Filter Logs by Query - Please use the following sample query to filter logs. Customize and adapt it according to your needs to match your requirements.


resource.type="k8s_container"
resource.labels.project_id="e-caldron-448519-s5"
resource.labels.location="us-central1"
resource.labels.cluster_name="singh-deployment-cluster"
resource.labels.namespace_name="default"
labels.k8s-pod/app="singh-deployment"


Filter Logs by trace - The below query is an example of how trace can be used to analyze requests across containers.

resource.type="k8s_container"
resource.labels.project_id="e-caldron-448519-s5"
resource.labels.location="us-central1"
resource.labels.cluster_name="singh-deployment-cluster"
resource.labels.namespace_name="default"
labels.k8s-pod/app="singh-deployment"
jsonPayload.trace_id = "1ab527ht67lkhjddg876nhdkd"


Lessons learned from Google’s Log Explorer

Working with Google Cloud has been a transformative experience, allowing me to master log analysis techniques and gain valuable insights into the most common issues in Kubernetes.


  1. CrashLoopBackOff - One of the most prevalent problems, which causes the pods to be unavailable resulting in poor user experience because of service unavailability.
  2. Image not available - Due to organizational policy, old images are deleted and you see crash loop error.
  3. Missing Configuration - In rare cases, if a developer forgets to include some configuration in order to provide it to pods, pods might crash in a loop.
  4. Vault connection - Personally identifiable information is kept to a cloud vault and services are not able to make a connection to the vault, resulting in a crash loop.
  5. Code problem - Crash looping occurs when developers push an unverified code to Kubernetes and apply it.
  6. Certificate expired - Crashes looping for Google managed keys due to lack of renewal.
  7. Persistent Pod reboots - Unusually, application pods keep being restarted and this may be because of an OutOfMemory error caused by system exhaustion (that is, lack of resources in the helm).
  8. Network-related problems - In microservice architectures, a service can participate in multiple communications between different services, where one of the services is down, or where a firewall of another service denies communication.


Can we reduce the risk of downtime in the cloud?

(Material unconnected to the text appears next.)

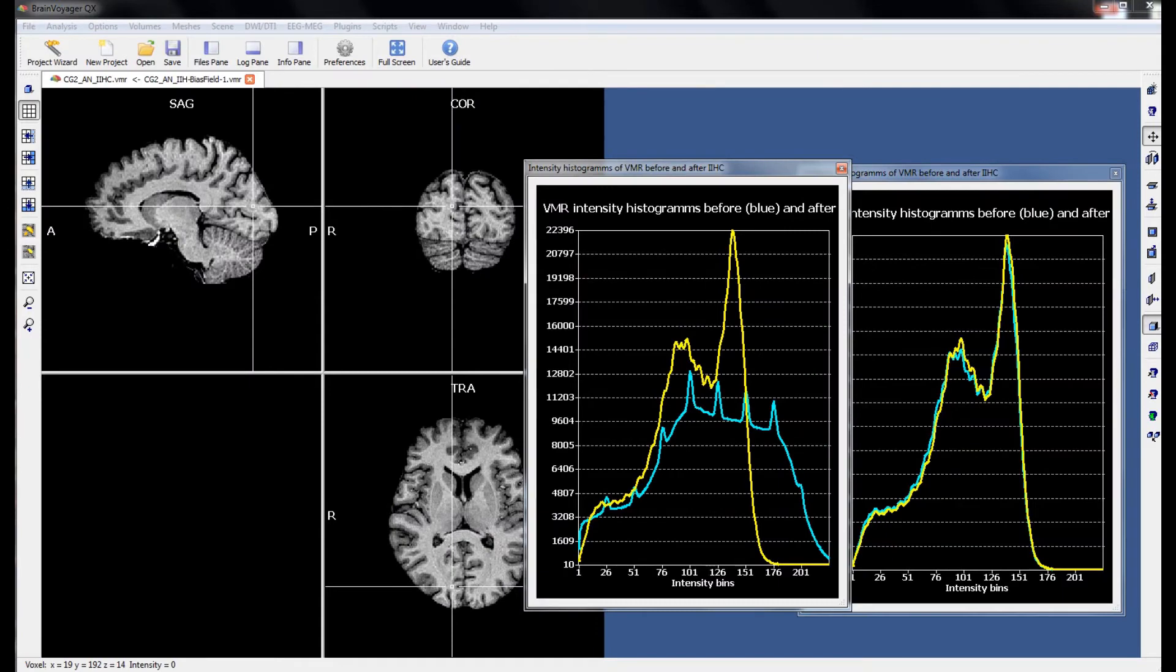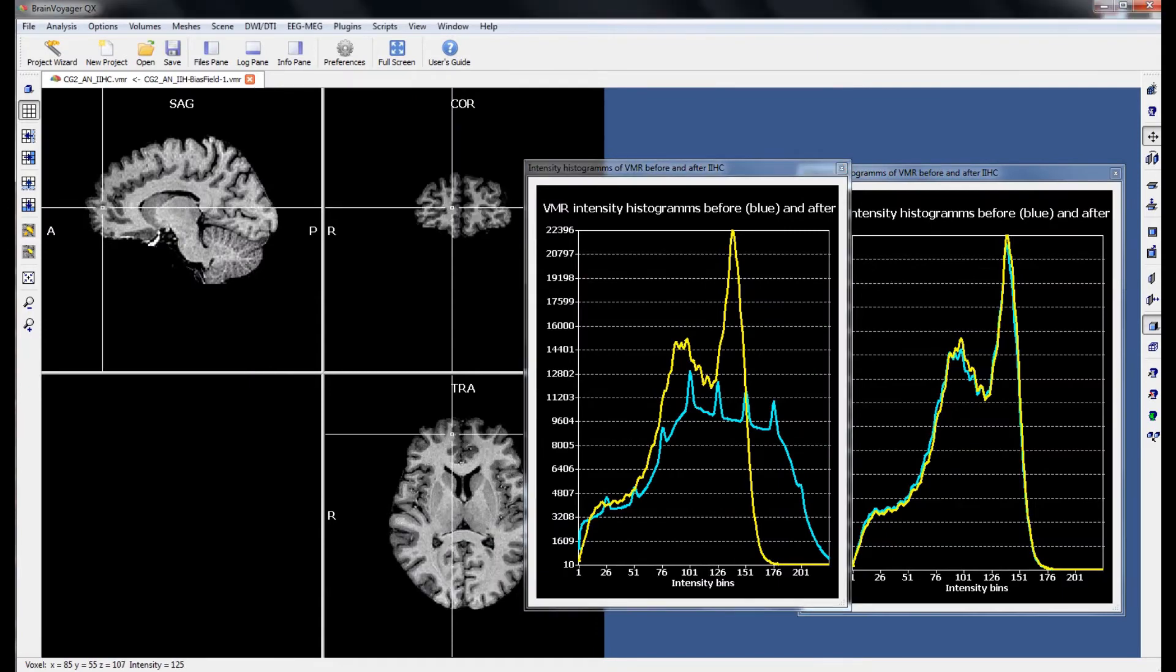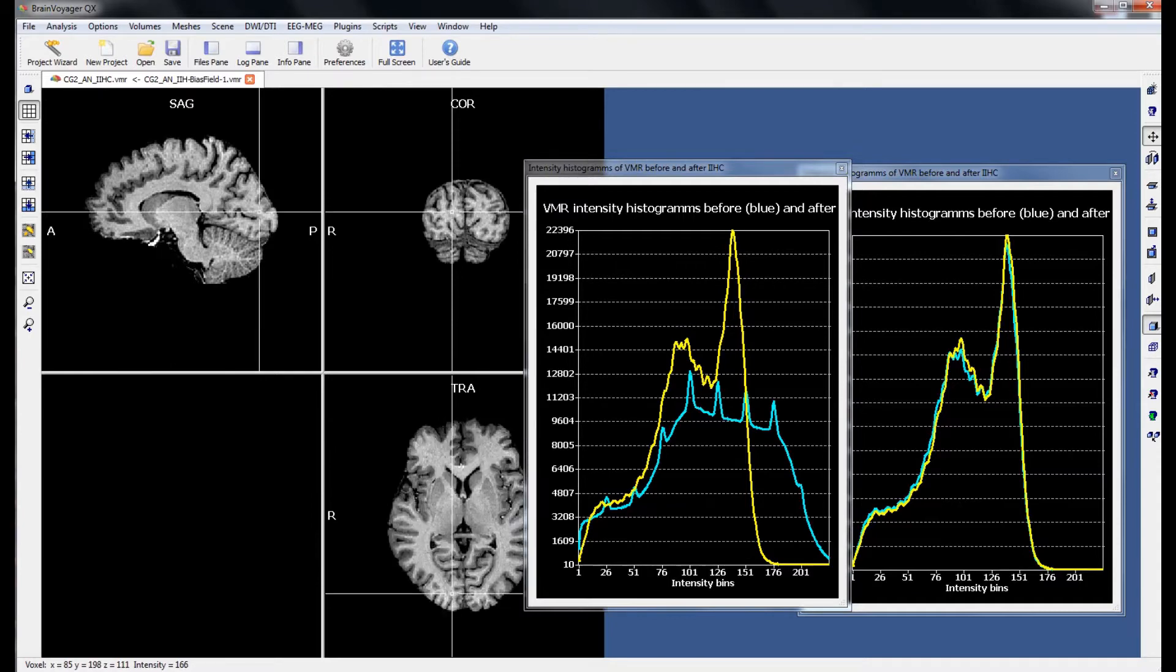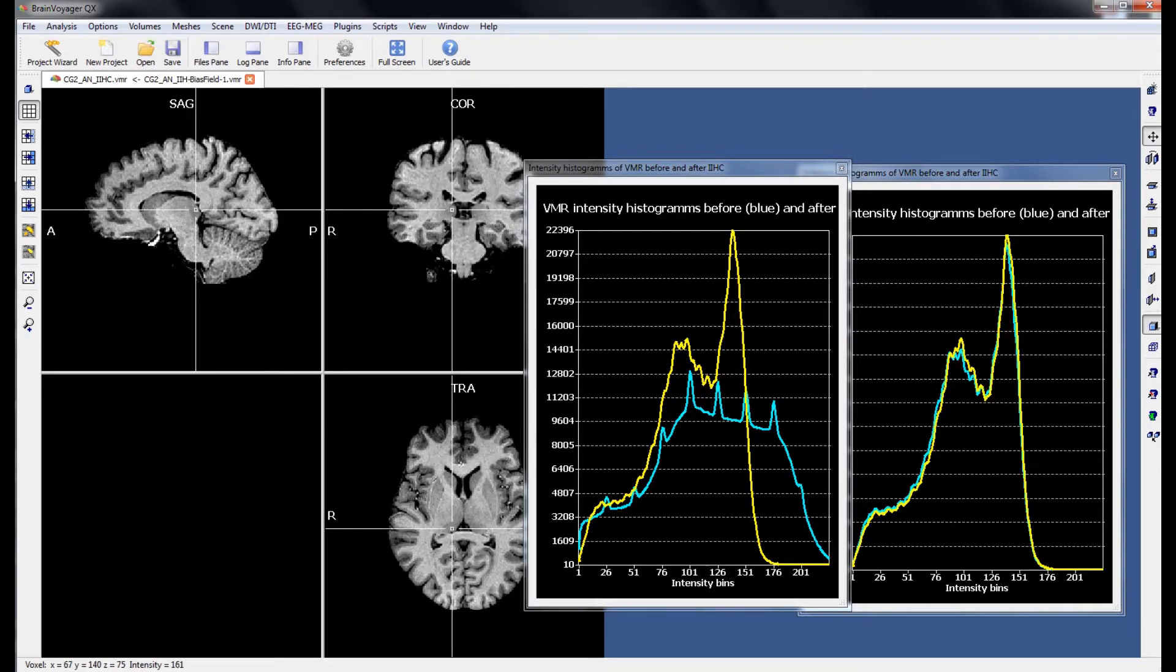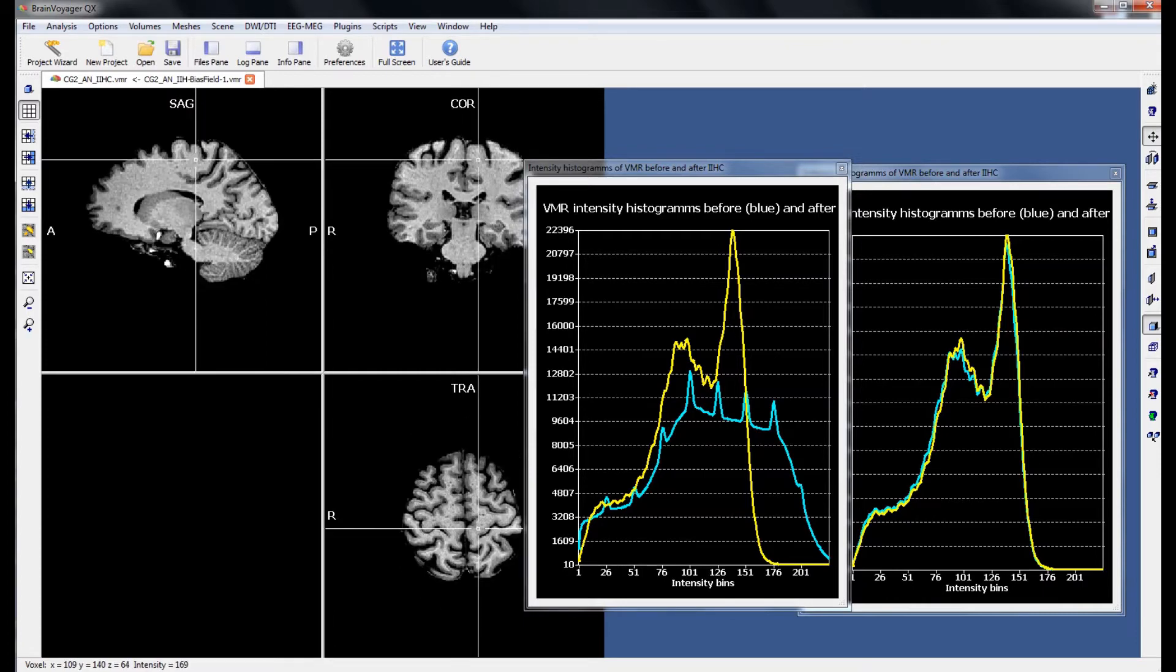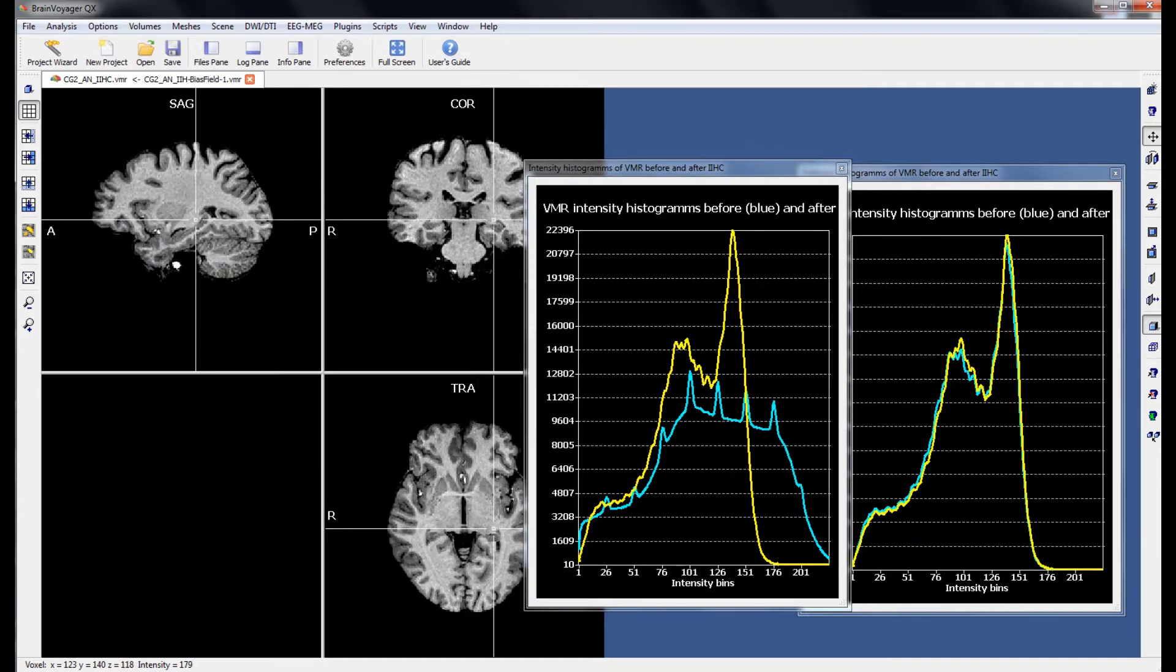You can see from a quick scroll through the brain that the range of intensity values that white matter take is more homogenous, as are the range of intensity values for grey matter. You can also see this represented on the histogram to the far right. There is a peak for the grey matter on the left, and a peak for the white matter on the right, and then a local minimum between the two which BrainVoyager can use to define what is grey matter and what is white matter.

Problems are not unavoidable, however, proactive steps can be taken to reduce the risk and improve the end-user experience. Google Monitoring allows construction of alerts, which are required to inform developers and production support staff to react well, promptly, and proactively.


Lets see how to create the Alert policy in Google Cloud monitoring

reference - My Test Google Cloud account


What are the notification channels available in the google cloud which can be configured in the above policy.

reference - My Test Google Cloud account


It is not actually knowing the tools that would set you apart from others in the diverse and continuously evolving field of cloud computing, but how you actually use those tools for real-world problem-solving. My hands-on experience with Google Log Explorer brought me to the realization that even the most powerful tools require a personal touch to extract their true potential. I learned to spot patterns in recurring failures, isolate even the most subtle anomalies in logs, and derive from them actionable insights in order to prevent downtime. One of my biggest takeaways will be how to convert raw data into actionable steps, be it fine-tuning configurations or proactively solving issues of resource constraints. It is not merely solving the issues, it is about predicting those issues in advance.